I am back from my vacation in Punta Cana and just finished Jack Kerouac's classic On The Road.  Sometimes when I am on vacation I choose to read a classic rather than some entertaining fiction; this was one of those times.  I have always wondered about Kerouac.  He is portrayed as an icon of the Beat generation and its primary spokesman.  I spent three semesters during my college years at what is know called University of Massachusetts at Lowell, Kerouac's birth place.  At the time I was attending classes there was a small sandwich shop, named Astro's, just across the street.  They proudly displayed pictures of Kerouac on the grungy walls cheerily smiling and drinking with folks who I assumed were associated with Astro's.  I could not guess how many degrees of separation that would be.

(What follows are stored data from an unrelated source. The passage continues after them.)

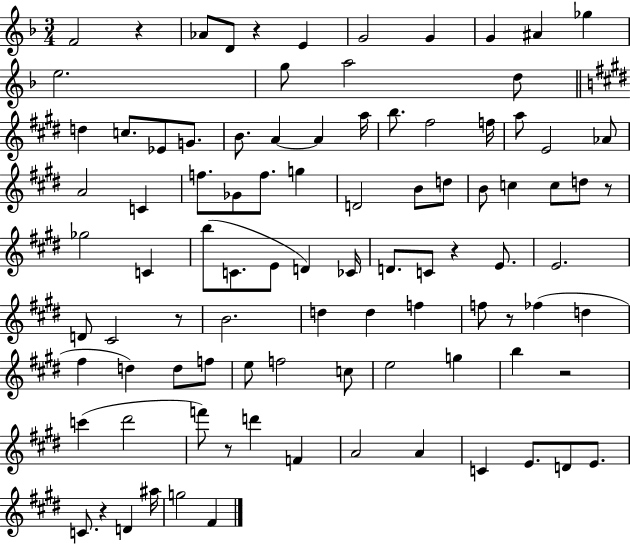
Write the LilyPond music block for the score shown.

{
  \clef treble
  \numericTimeSignature
  \time 3/4
  \key f \major
  f'2 r4 | aes'8 d'8 r4 e'4 | g'2 g'4 | g'4 ais'4 ges''4 | \break e''2. | g''8 a''2 d''8 | \bar "||" \break \key e \major d''4 c''8. ees'8 g'8. | b'8. a'4~~ a'4 a''16 | b''8. fis''2 f''16 | a''8 e'2 aes'8 | \break a'2 c'4 | f''8. ges'8 f''8. g''4 | d'2 b'8 d''8 | b'8 c''4 c''8 d''8 r8 | \break ges''2 c'4 | b''8( c'8. e'8 d'4) ces'16 | d'8. c'8 r4 e'8. | e'2. | \break d'8 cis'2 r8 | b'2. | d''4 d''4 f''4 | f''8 r8 fes''4( d''4 | \break fis''4 d''4) d''8 f''8 | e''8 f''2 c''8 | e''2 g''4 | b''4 r2 | \break c'''4( dis'''2 | f'''8) r8 d'''4 f'4 | a'2 a'4 | c'4 e'8. d'8 e'8. | \break c'8. r4 d'4 ais''16 | g''2 fis'4 | \bar "|."
}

Most people know little or nothing about the Beat generation.  I would say I knew little prior to reading the book other than the stereotypes that litter literature, television and movies.  Anyone remember Bob Denver's silly portrayal of Maynard G. Krebbs from Dobbie Gillis?  So devoid of knowledge of Beat's, intrigued by the myth of the man in the sandwich shop, and having available time on commercial airlines and beach chairs I went forward to experience the Beat's via their most famous spokesman. 

On The Road has a unique writing style that might be described as stream of consciousness.  At times it can be distracting but it seems to fit the story and message Kerouac is attempting to lay before you.  The tone and tempo of the book is as chaotic and unpredictable as the Beat's themselves, and that is the point.  I get the feeling that Kerouac wanted this to be groundbreaking, and judging by the amount of Kerouac and Beat scholars that analyze this and other similar books some agree.  I will merely say it is the appropriate style for this book.  There is an attempt to paint many of the experiences as more amazing, a pinnacle over other experiences.  Kerouac fails at that.  Kerouac also fails to make you feel the incredible attraction to Dean Moriarty that many of the characters in the book find irresistible.

Much like the Lost Generation before him, this book paints a portrait in time of a lost generation.  While Hemingway, Fitzgerald and Steinbeck painted with words the post World War I lost souls, Kerouac does so for the post World War II lost souls.  Though I think the comparison is apt, I believe he would have bristled over it.  There is a sense of him attempting to distance and differentiate his generation's search for the meaning of IT from those that came before them.  Amid their feeling of confusion in the search for kicks and spirituality there is also a sense of hubris; the Beats approach is superior than those that came before because no one that was come before them has understood IT.

The Beats reject consumerism and prefer experience; they reject authority and embrace personal freedom.  If the book is an accurate portrayal then I suggest that the beats are superior to the Lost Generation in being self centered and petty.  The Beats search ever faster and more frantic for kicks via alcohol, drugs, sex and moving from place to place.  There is a search for spirituality, but that search is easily and quickly put aside for the pleasures of the flesh.  Get your kicks.

The beats are another lost generation, a pale imitation of The Lost Generation.  I much prefer the struggles and character of those in the novels by Hemingway, Fitzgerald and Steinbeck over those portrayed by Kerouac.  The story and the writing style are a place in time, not to be repeated.  Echoes of the fringe of a generation that came to believe their struggles and insight was unique, but instead I come to see them as just another lost generation.  It was an interesting read, I would recommend it for the experience if not for the literary style.

A side note: I read the Penguin Classic version of the book.  There is an interesting forward by Proffessor Ann Charters, a Beat scholar.  I recommend you skip the forward and read the book without it.  Instead read it as a post script.  This book was not written to be analyzed before it was read, it was written to be experienced.


  1. Thanks for this unbiased review, I certainly need to get around to reading this novel too.

  2. I read this a few years ago, and quickly followed it up with another 5 or 6 of his books.. However as time goes on the characters in " On the road " begin to devolve into horrendous creatures of depravity.

    " Old Bull Lee " is William S. Burroughs, Junkie, Pedorast, Murderer who fled justice by skipping out to Morroco where the Smack was cheap and so were the little boys.

    Dean Morriarity aka Neal Cassidiy wound up going Further with Ken Kesey. Spending a large amount of time driving that infamous bus as is recounted in " Electric Kool-aid Acid Test"..

    Carlo Marx aka Alan Ginsberg was less depraved than Burroughs but only slightly so.

    The future versions of these men began to taint my ability to enjoy their rollicking adventures in Kerouac's early stories.

    In retrospect I really wish I'd stopped at just this book and not gone further down the rabbit hole.

  3. @ Lagomorph: the book really hints at that outcome. Ann Charters' forward also details the real names of the characters, which is another reason why I recommended reading it as a post script. I will not likely be using my limited reading time any time soon to move on to the other books.